GOV-024 Documented Operating Procedures
Description
Operating procedures for critical information processing activities are documented, maintained, and made available to personnel who require them. Procedures are version-controlled, reviewed at defined intervals, and updated when processes change.
Rationale
Undocumented procedures cannot be consistently executed, audited, or transferred to new personnel. Documented procedures are the mechanism by which policies are operationalized.
Framework Mappings (3)
| GRC-03 | Organizational Policy Reviews | partial |
| 5.37 | Documented operating procedures | full |
| PL-2 | System Security and Privacy Plans | partial |
Evidence (2)
Operating procedures for critical information processing activities, version-controlled and reviewed at defined intervals.

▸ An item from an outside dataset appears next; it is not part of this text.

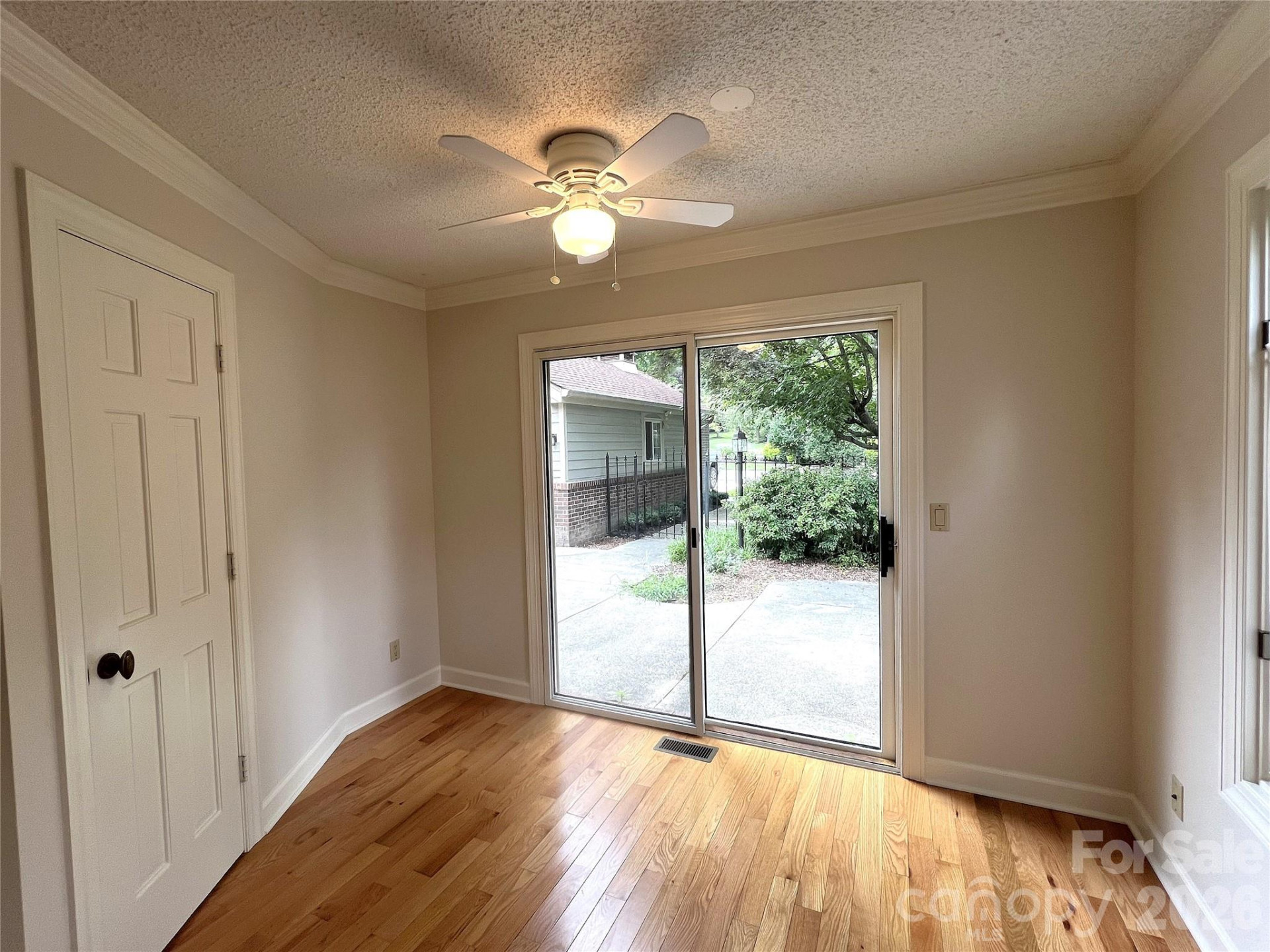 108 Glenbrook Drive - Photo 10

Example: Set of operating procedures (Confluence runbooks or Google Drive SOPs) for at least five critical processes — e.g. access provisioning, patch management, incident response, backup and recovery, change management — each with: version number, last-reviewed date, named owner, and access control setting.
Test: Request the procedure index or list from the document management system. Select a sample of five procedures covering different security domains. For each, verify: (1) a current version number exists, (2) a last-reviewed or last-updated date is within the defined interval (typically 12 months), (3) a named owner is assigned, (4) the procedures are accessible to the personnel who need them.

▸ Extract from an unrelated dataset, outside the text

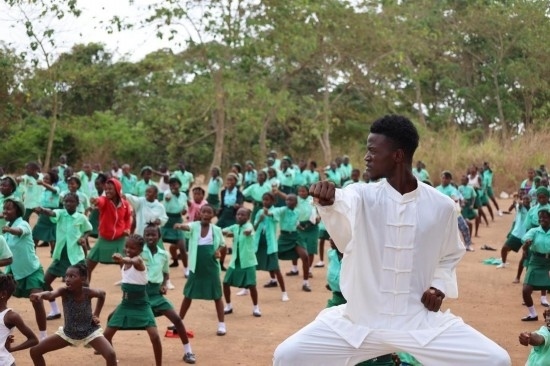 2月20日，在塞拉利昂首都弗里敦，當?shù)貙W生在上武術課。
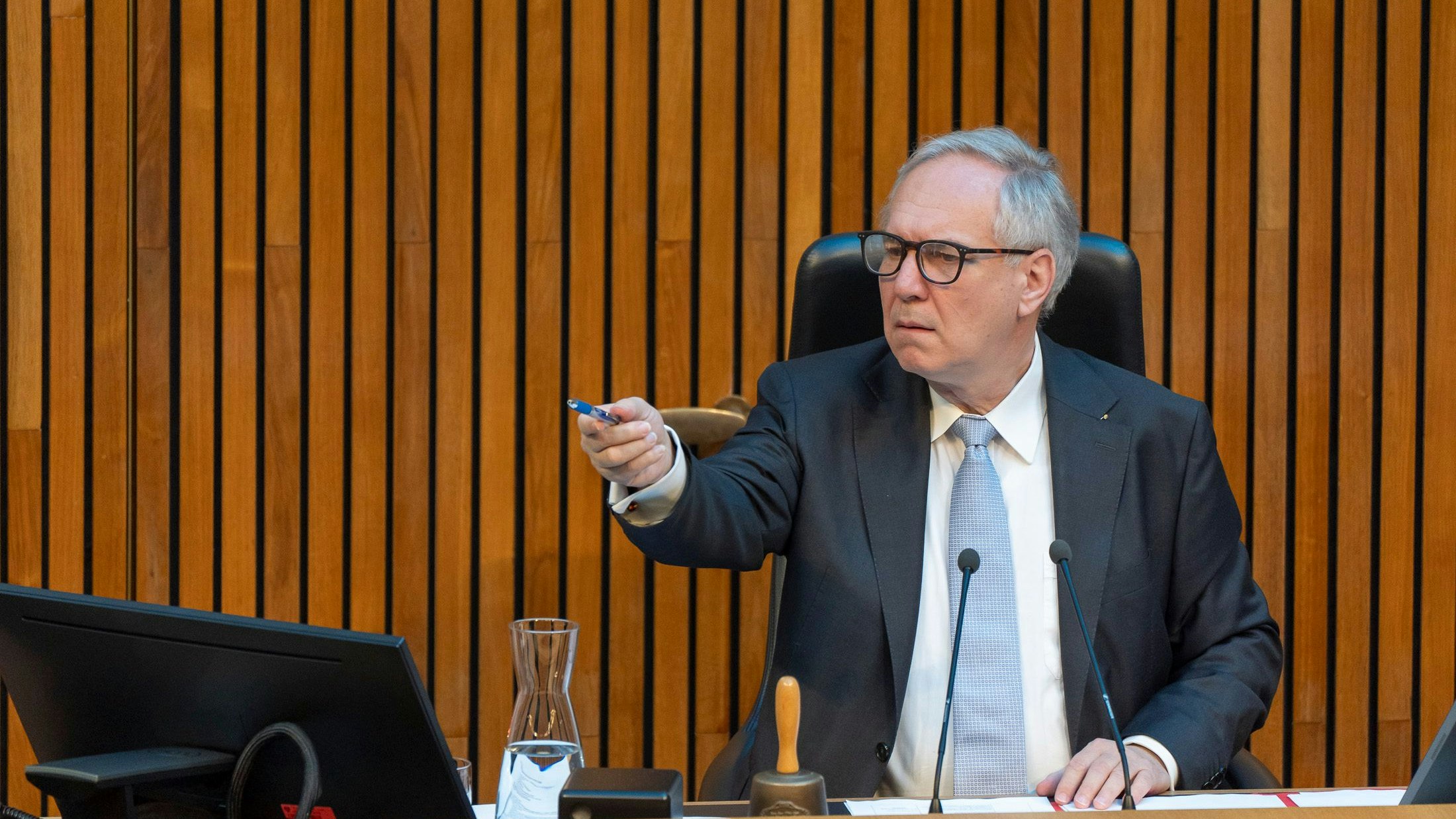 Heute.at - Politisch untragbar – ÖVP geht auf Rosenkranz los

Procedure review log showing each critical procedure has been reviewed and updated (or confirmed current) at the required interval.
Example: Procedure review log or version history (Confluence page history / document management system change log), showing review dates, reviewer names, and disposition (updated/confirmed current) for each procedure within the last 12 months.
Test: Export the revision history or review log for the procedure library. Verify: (1) all listed critical procedures have a review event within the defined interval, (2) the review records show a named reviewer, (3) procedures triggered by process changes (e.g. new system deployment) show an update date aligned to that change.
Questions (2)
Are operating procedures for critical information processing activities documented, version-controlled, and made available to the personnel who need them?
Each procedure should carry a version number, a named owner, and a last-reviewed date within the defined interval (typically 12 months).
Which of the following critical process areas have documented operating procedures that are actively maintained?
Select all that apply and be prepared to provide the procedure documents with version history. Fewer than three covered areas would be considered a material gap.